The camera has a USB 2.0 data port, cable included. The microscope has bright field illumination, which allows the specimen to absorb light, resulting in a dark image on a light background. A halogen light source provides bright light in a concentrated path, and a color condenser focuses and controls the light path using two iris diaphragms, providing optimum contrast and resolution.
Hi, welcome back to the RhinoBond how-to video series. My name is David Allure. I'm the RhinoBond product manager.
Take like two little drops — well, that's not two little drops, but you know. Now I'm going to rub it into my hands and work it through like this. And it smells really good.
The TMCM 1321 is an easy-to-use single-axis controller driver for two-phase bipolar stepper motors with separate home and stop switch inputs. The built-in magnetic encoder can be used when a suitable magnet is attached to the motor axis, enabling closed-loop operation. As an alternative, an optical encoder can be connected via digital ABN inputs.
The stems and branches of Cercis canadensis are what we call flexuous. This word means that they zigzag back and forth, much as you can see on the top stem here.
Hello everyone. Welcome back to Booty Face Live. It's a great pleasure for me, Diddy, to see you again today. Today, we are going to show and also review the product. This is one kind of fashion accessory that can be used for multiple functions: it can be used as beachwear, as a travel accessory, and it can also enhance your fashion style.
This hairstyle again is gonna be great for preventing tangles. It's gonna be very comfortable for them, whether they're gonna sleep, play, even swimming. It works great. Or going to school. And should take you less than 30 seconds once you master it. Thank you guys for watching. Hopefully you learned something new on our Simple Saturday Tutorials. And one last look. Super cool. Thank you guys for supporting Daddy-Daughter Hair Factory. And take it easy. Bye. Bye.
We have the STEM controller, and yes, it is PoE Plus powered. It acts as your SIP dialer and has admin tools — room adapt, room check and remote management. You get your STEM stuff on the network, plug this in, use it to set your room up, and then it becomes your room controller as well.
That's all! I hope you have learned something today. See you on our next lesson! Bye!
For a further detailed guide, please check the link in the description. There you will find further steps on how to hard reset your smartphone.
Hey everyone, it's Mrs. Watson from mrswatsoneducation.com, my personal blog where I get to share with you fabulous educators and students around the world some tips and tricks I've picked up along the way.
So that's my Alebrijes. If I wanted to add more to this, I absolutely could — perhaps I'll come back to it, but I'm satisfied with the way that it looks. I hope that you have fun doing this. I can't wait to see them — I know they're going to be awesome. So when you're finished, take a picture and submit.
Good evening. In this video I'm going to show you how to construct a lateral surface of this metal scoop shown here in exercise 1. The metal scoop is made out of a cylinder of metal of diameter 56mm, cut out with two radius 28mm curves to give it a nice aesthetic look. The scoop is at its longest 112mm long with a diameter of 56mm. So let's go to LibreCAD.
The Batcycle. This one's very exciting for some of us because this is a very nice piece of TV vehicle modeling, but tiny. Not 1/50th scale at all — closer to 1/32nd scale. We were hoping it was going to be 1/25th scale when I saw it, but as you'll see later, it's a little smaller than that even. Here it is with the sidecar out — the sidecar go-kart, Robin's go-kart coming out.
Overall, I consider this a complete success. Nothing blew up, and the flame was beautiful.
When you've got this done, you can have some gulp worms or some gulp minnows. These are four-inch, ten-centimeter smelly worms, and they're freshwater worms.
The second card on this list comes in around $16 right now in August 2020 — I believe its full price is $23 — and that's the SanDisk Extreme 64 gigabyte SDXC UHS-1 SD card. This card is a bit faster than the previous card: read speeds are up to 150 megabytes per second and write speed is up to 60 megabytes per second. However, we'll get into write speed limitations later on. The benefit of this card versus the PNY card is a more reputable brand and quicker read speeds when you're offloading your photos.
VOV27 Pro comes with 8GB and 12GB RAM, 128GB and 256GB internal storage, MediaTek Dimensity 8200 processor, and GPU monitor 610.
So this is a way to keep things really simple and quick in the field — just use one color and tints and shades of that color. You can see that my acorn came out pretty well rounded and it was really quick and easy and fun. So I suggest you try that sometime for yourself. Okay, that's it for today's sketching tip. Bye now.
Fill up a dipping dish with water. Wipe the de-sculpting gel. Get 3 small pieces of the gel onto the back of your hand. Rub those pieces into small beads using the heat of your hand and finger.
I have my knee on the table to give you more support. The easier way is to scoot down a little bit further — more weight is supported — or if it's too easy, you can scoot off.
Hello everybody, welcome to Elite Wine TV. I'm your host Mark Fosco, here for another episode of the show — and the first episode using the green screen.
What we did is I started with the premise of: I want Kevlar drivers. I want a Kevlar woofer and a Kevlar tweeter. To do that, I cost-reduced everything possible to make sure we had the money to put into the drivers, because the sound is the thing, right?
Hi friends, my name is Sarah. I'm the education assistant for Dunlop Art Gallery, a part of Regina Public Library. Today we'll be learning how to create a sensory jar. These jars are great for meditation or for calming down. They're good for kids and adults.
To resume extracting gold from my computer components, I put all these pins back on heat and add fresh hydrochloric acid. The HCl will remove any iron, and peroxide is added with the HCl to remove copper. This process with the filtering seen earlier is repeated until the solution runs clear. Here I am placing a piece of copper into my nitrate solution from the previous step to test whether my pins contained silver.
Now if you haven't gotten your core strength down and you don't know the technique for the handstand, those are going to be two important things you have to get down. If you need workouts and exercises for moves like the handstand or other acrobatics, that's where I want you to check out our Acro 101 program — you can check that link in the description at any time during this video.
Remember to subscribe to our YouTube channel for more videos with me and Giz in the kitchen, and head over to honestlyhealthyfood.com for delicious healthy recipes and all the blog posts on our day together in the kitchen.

________

Looking at the material above, count the lines where the word "something" occurs, and answer with that count alone.

- Answer space: 2